A flock of Leonardo da
Vinci’s flying machines landed at the Science Museum of Minnesota in St.
Paul on Saturday. Standing among the contraptions — conceived to go
airborne with giant fabric oars, or wings, or a helix — gives a visceral
sense of the renowned inventor’s prolific creativity, and the sense
that his thinking was centuries ahead of his time.
While da
Vinci might be best known for painting two of the world’s most famous
works, “The Last Supper” and “The Mona Lisa,” he was, in fact, the
Renaissance’s ultimate Renaissance man. He studied nearly every
scientific and artistic practice, from architecture and anatomy to
mathematics and music, along with paleontology, engineering and more.
As a
plaque near the entrance of the new traveling exhibit “Inventing Genius”
explains: Da Vinci lived his life as if he were on a quest to learn
everything there was to know.
The timing
of the exhibit, which runs through Sept. 2, is spot-on. Interest in the
Italian polymath is being stoked again by cultural institutions
celebrating the 500th anniversary of his 1519 death. And a recently
rediscovered “lost” Leonardo, “Salvator Mundi,” sold for $450 million in
2017 — the highest price ever paid for an artwork at auction, despite
its poor condition and disputed provenance...
The difficult task
involved deciphering da Vinci’s old Florentine dialect and mirror
writing (he wrote text from right to left, with the individual letters
reversed, so it looks like typical script only when read in a mirror).

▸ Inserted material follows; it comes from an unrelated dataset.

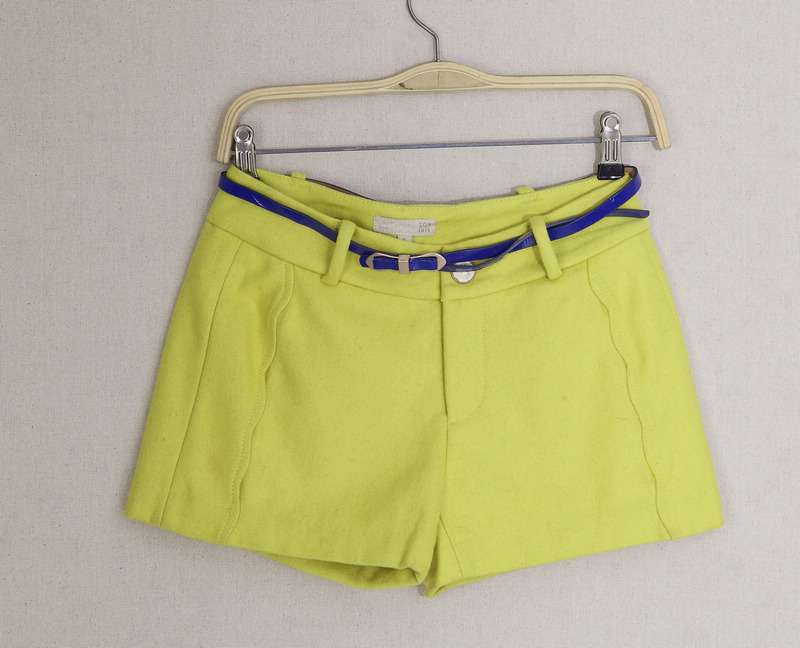 Giải phóng mã bị hỏng # 珠珠 RS lò xo mỏng màu rắn quần short len ​​hoang dã OE342120 thời trang công sở hàn quốc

The artisans then brought his sketches to life at various scales, using
materials and techniques that would have been available in 15th-century
Italy.
The flying
machines aren’t hands-on — we can’t expect the Science Museum to carry
that much insurance — but there are several mechanical devices to
operate, including ones that replicate da Vinci’s study of ratchets,
ball bearings and a flywheel along with a couple of ways to convert the
circular motion of a cranked wheel to horizontal motion. (Not only are
those fun to play with, but you just inadvertently learned the
mechanical principle that enables your car to drive you home.) His
experiments with optics are most memorably represented by an eight-sided
closet-size room with mirrors for walls.